> [Your task]
Without pictures, return the lines from the one containing "Hiking Montana Roja" through the last line of the data below, exactly.

> [Data provided]
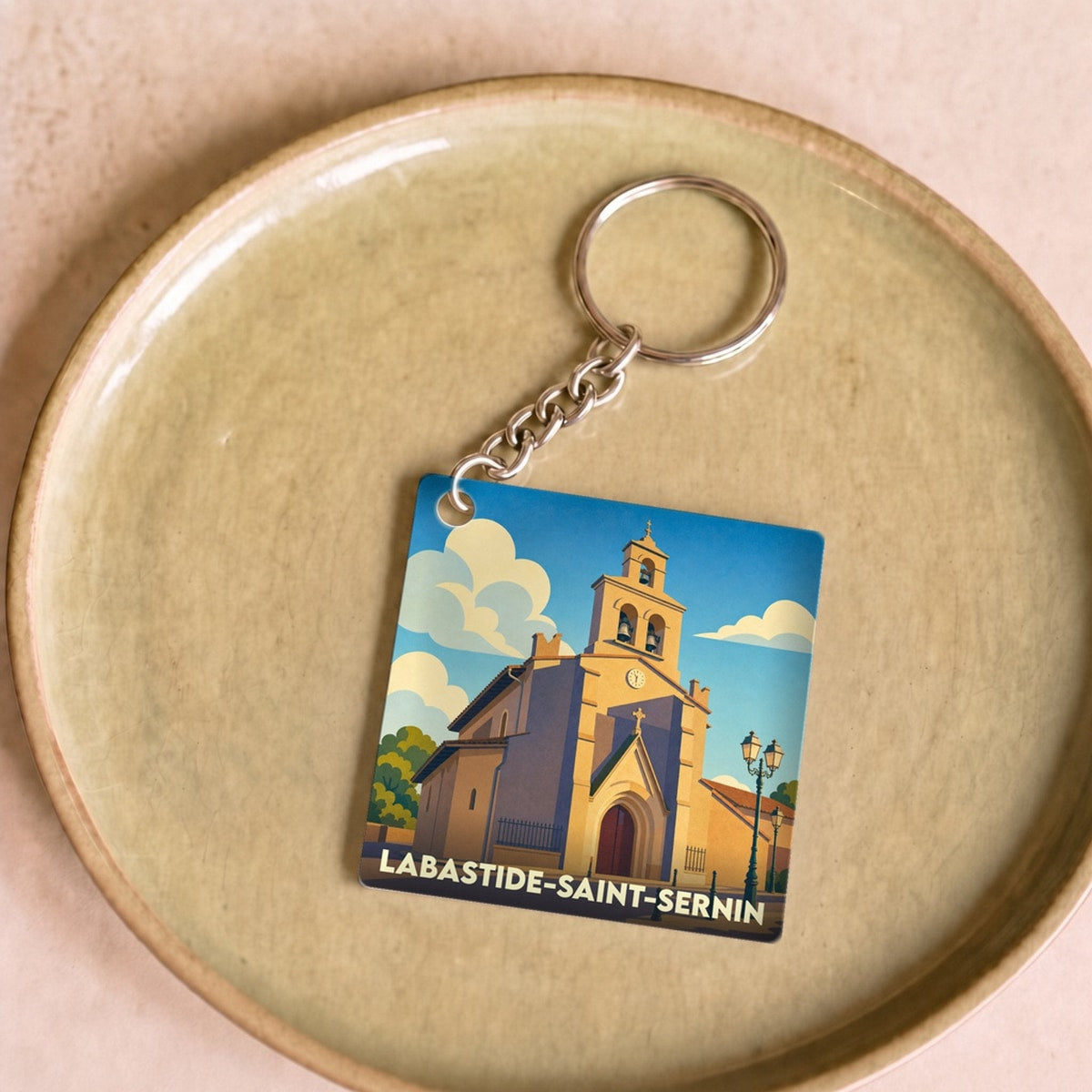 Porte-clés souvenir de la ville de Labastide-Saint-Sernin avec une illustration stylisée de son église.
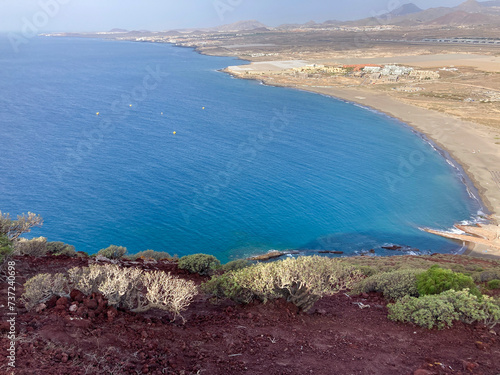 Hiking Montana Roja in El Médano, Tenerife. Red volcanic hill. View of La Tejita beach and the Atlantic photo
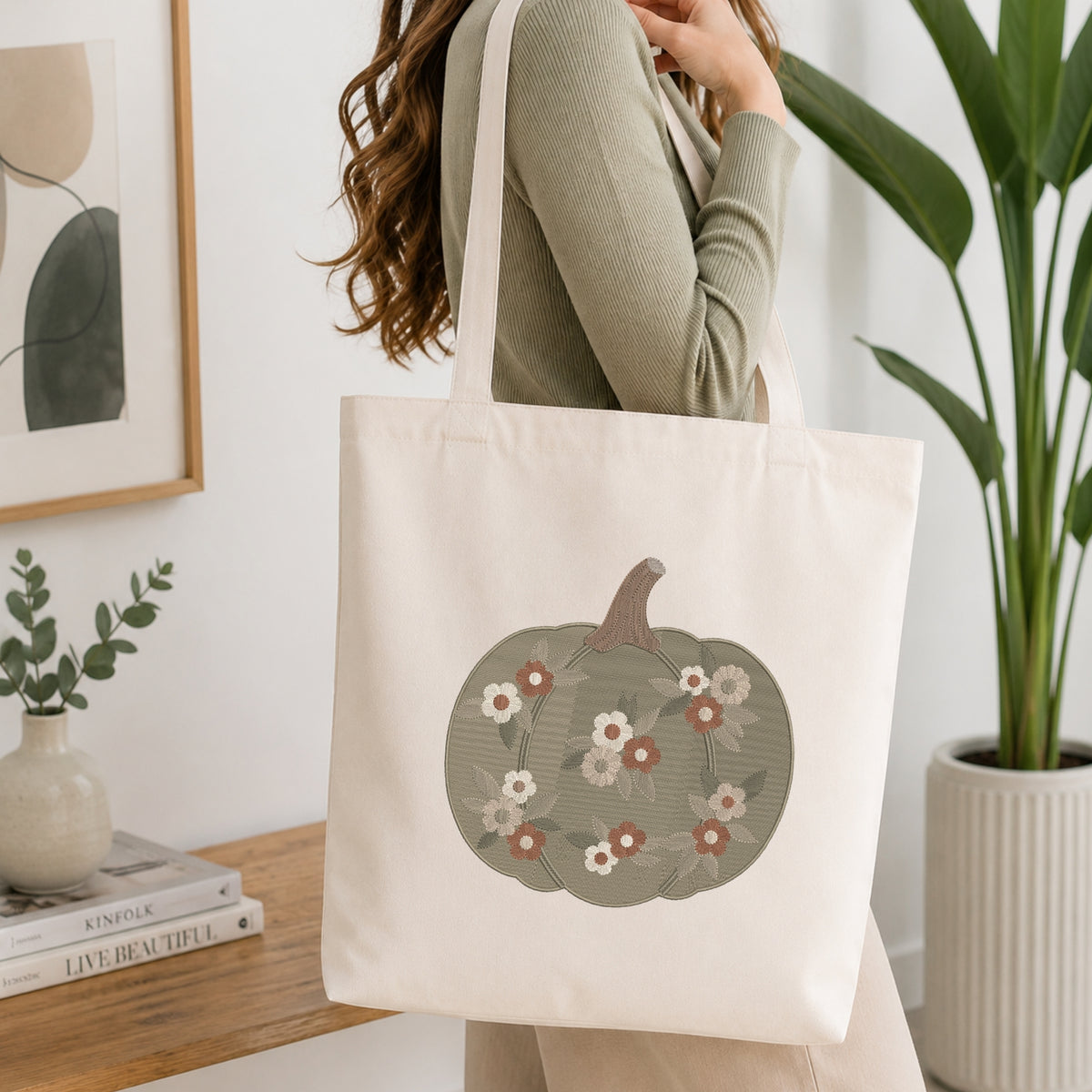 A woman wearing a sage green ribbed sweater carries a cream canvas tote bag with a printed pumpkin design featuring white, pink, and red flowers on a muted green background. The scene is set in a bright, modern room with a wooden table, books, a framed print, and a potted plant.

> [Written response]
 Hiking Montana Roja in El Médano, Tenerife. Red volcanic hill. View of La Tejita beach and the Atlantic photo
 A woman wearing a sage green ribbed sweater carries a cream canvas tote bag with a printed pumpkin design featuring white, pink, and red flowers on a muted green background. The scene is set in a bright, modern room with a wooden table, books, a framed print, and a potted plant.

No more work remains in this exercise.